**Collected data**
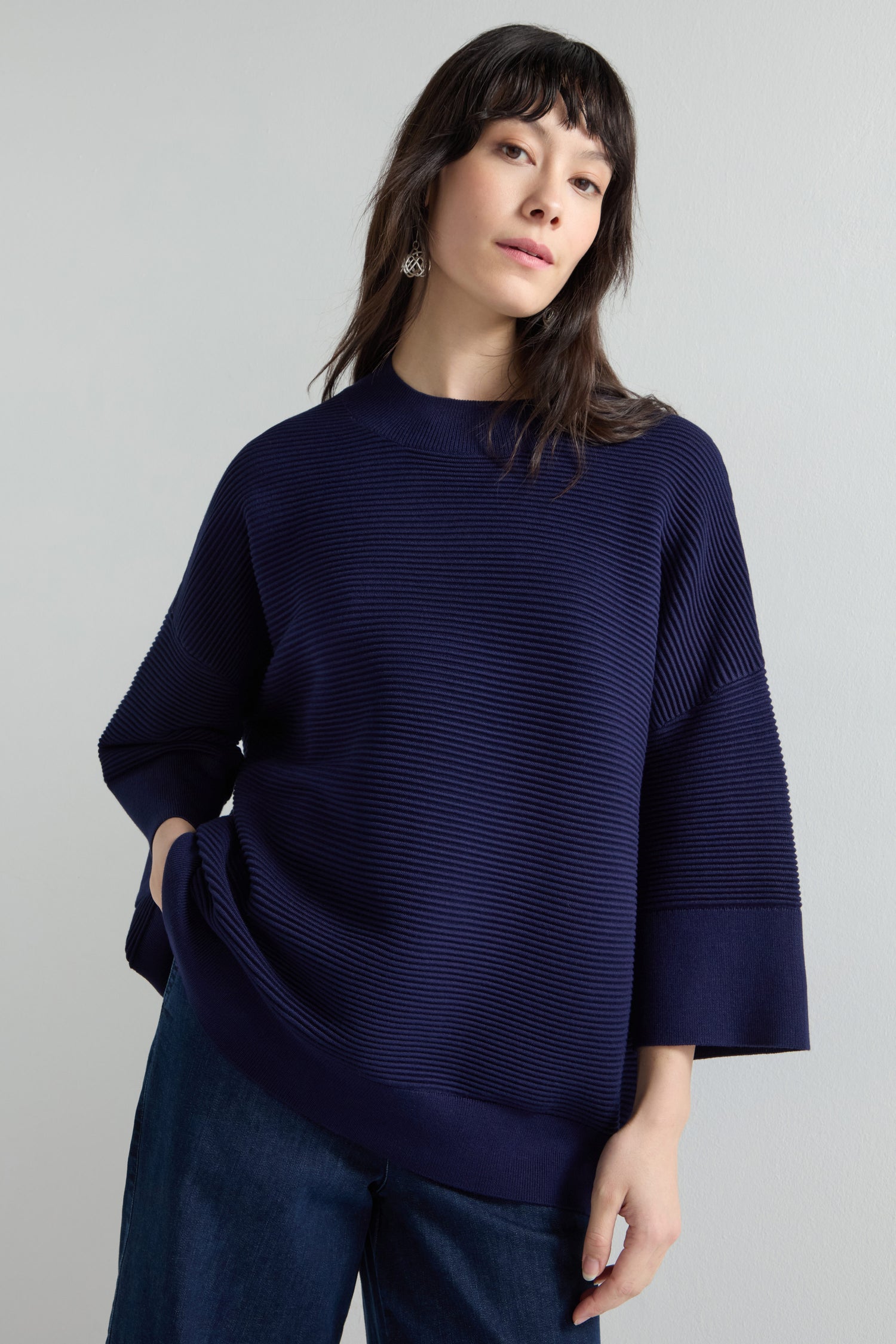 Wide Sleeve Ribbed Jumper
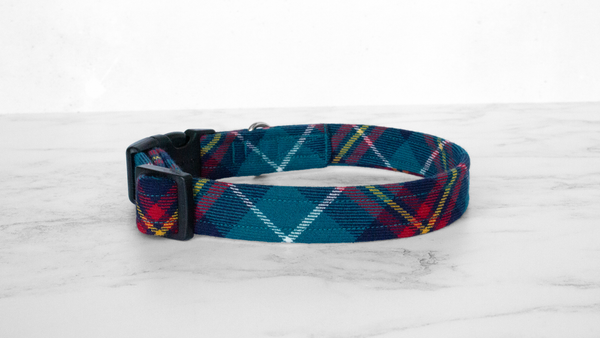 Dog Collar and Lead, Tartan with a Twist - Turquoise and Red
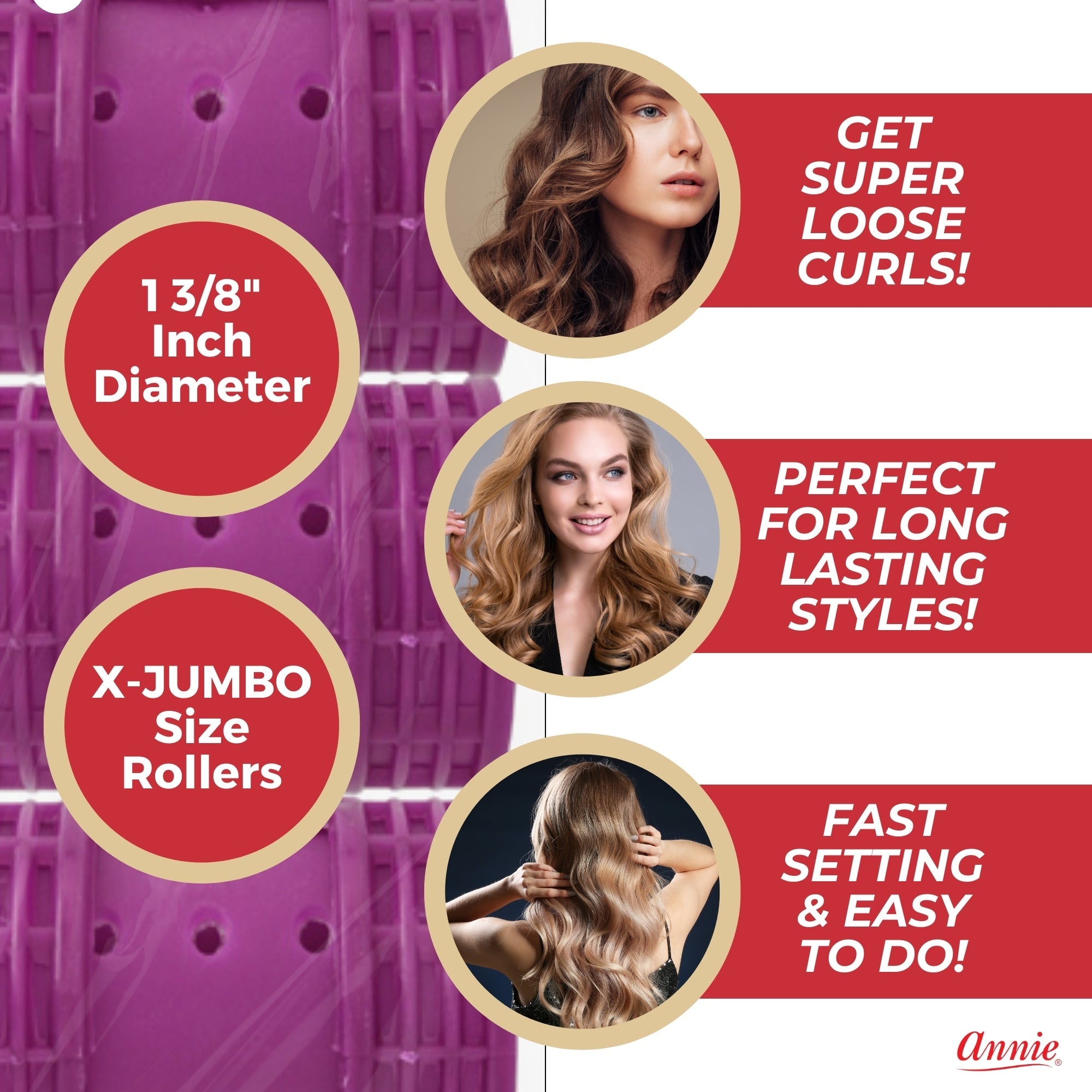 Annie Snap-On Magnetic Hair Rollers 1 3/4 Inch X-Jumbo, 6 Count, Purple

**Required work**
Give the data back exactly, omitting all pictures.

**Output below**
 Wide Sleeve Ribbed Jumper
 Dog Collar and Lead, Tartan with a Twist - Turquoise and Red
 Annie Snap-On Magnetic Hair Rollers 1 3/4 Inch X-Jumbo, 6 Count, Purple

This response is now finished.